We've all been there: we installed or purchased a new and shiny data management tool in order to test it, but immediately realised we don't have any data to use for our trial! Maybe we know the data's schema but we can't use our company's datasets for a number of reasons.
How can we give the platform a proper try? What if I tell you all you need are a few lines of Python code?
We'll use the real-world case of a pizza delivery chain to demonstrate how easy it is to produce proper fake data.
TL;DR: If you're just interested in a ready-to-go pizza-based Kafka Producer, check out the related Github repo!
(Quick links here:
- Create Fake Datasets with Faker
- Create Custom Data Provider
- Creating an order Creating a Fake Producer
Enjoy!)
Data platforms are empty shells
Databases, data lakes, and datastores in general are cool pieces of technology allowing anyone to manage and analyze data, but they share a common problem: they are completely empty by default.
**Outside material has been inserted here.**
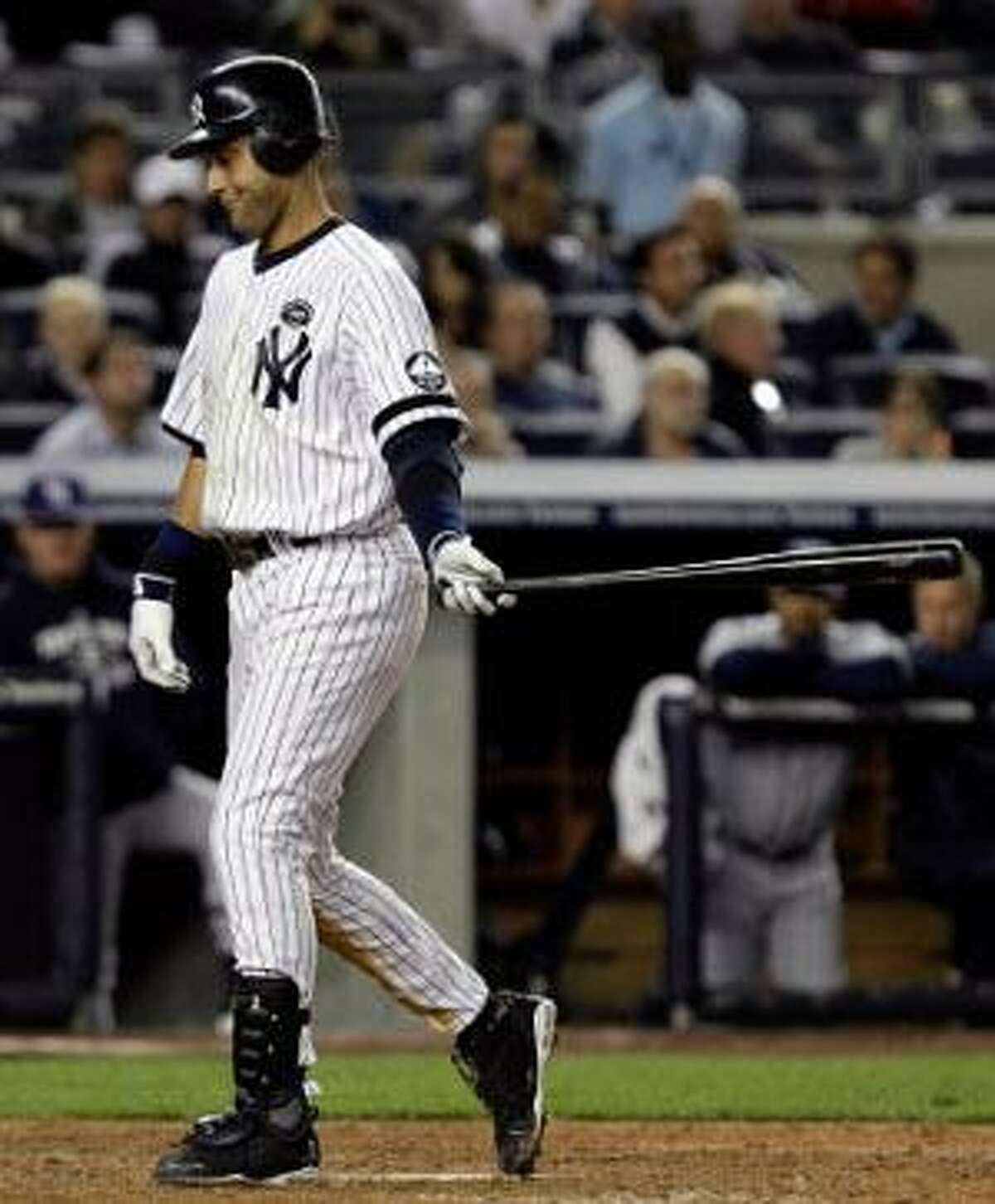 New York Yankees Derek Jeter looks at his bat before stepping into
This makes them hard to use for testing, which is still needed to evaluate whether a solution fits your use case.
Several platforms solve this problem by offering pre-filled sample datasets that can be installed or enabled with the help of few commands. Those datasets, however, are pretty static and do not always provide the set of features, fields or cardinality you need to perform your trials.
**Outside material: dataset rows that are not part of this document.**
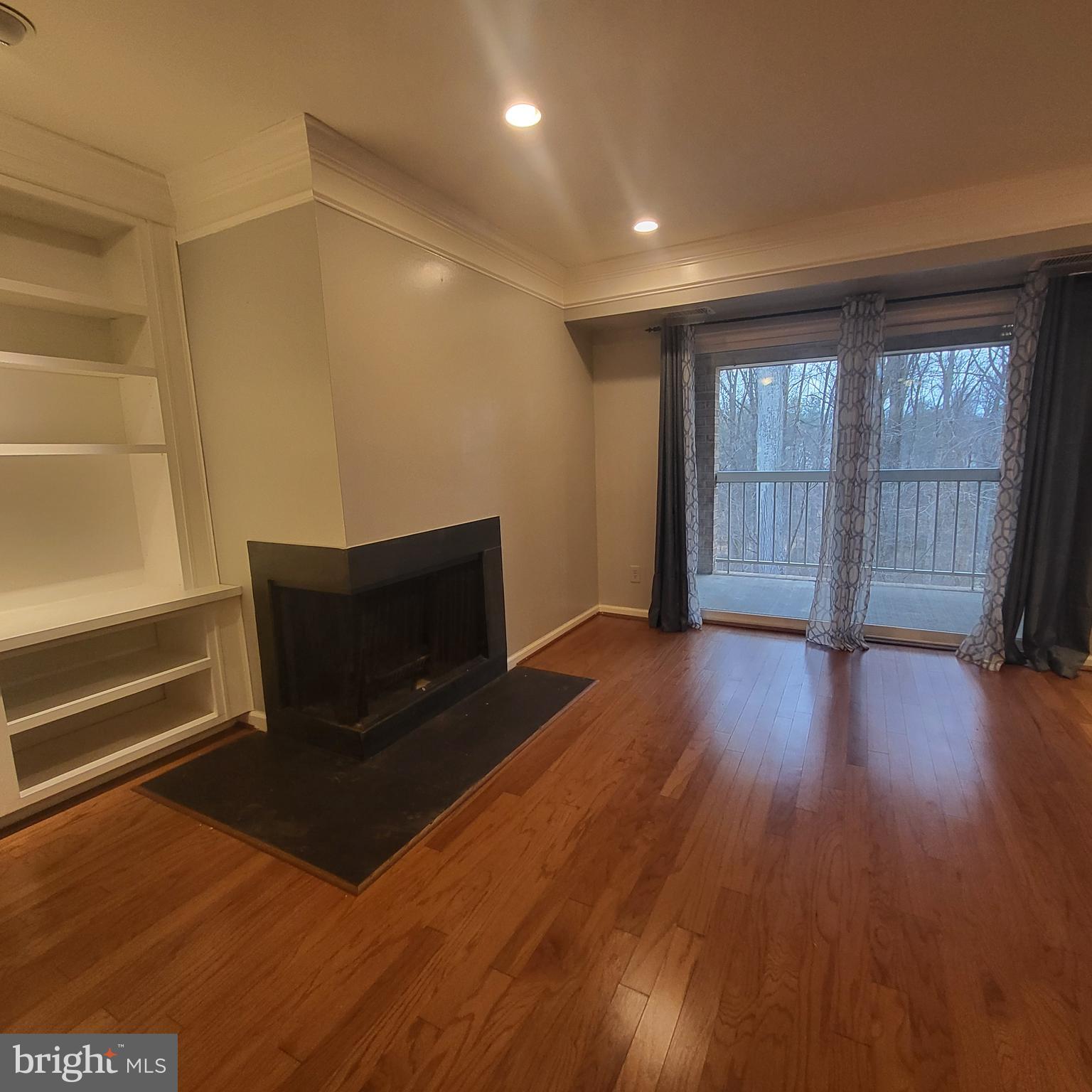 5800 Cove Landing Road, Unit 303 Burke, VA 22015 - Photo 9 of 84 Fireplace! Wooded view from patio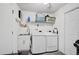 Functional laundry room with modern washer and dryer, storage, and utility sink at 2127 Corfell St, Port Charlotte, FL 33948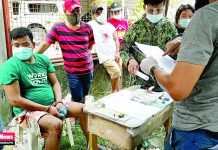 ‘Pusher’ falls in La Paz buy-bust Alleged drug pusher Joehbert Feril sits handcuffed while antidrug operatives conduct inventory of the seized item in an entrapment operation in in Barangay Caingin, La Paz, Iloilo City on Sept. 22. IAN PAUL CORDERO/PN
With Apache Kafka, the scale of this problem is even larger. Not only is it empty by default, but it is also a streaming data platform that works by ingesting, transforming and distributing data on the fly - and it expects a continuous flow of data. Finding streaming data sources is a hard task, and, especially if you just want to test the basics of the platform, setting them up properly can be quite cumbersome.
Creating fake data by hand is also not trivial. Even if you know your data schema, creating a coherent set of rows from scratch is challenging. In this blog post I'll walk you through how to create such a fake dataset for Kafka with a hot topic in mind: Pizza!
Kafka setup
Let's start with the tech setup. For this example we'll need a Kafka cluster. Creating it on Aiven.io is really easy:
- Navigate to Aiven.io console and sign in (or sign up; it's quick and easy).
- Click + Create a new service
- Select the Kafka service (if we're picky we can also choose our favorite Apache Kafka version)
- Select the Cloud provider we want to deploy our services to, together with the Cloud region
- Select the service plan based on our needs
- Give the service a name
Since I'm based in Italy I could easily go for the recently created aws-eu-south
AWS region, located in Milan, to minimize latency. Your choice depends on where you're located or where you plan to provide your services. For our initial test we're ok in using a Startup plan, knowing we can always upgrade (or downgrade) in the future.
Then we just click on Create Service. It will take a few minutes before our Kafka 3-node cluster shows up in the RUNNING
state.
Getting the Service Credentials
While we're waiting for the service to be up and running, we can already start preparing for the next step: downloading the certificates required to connect.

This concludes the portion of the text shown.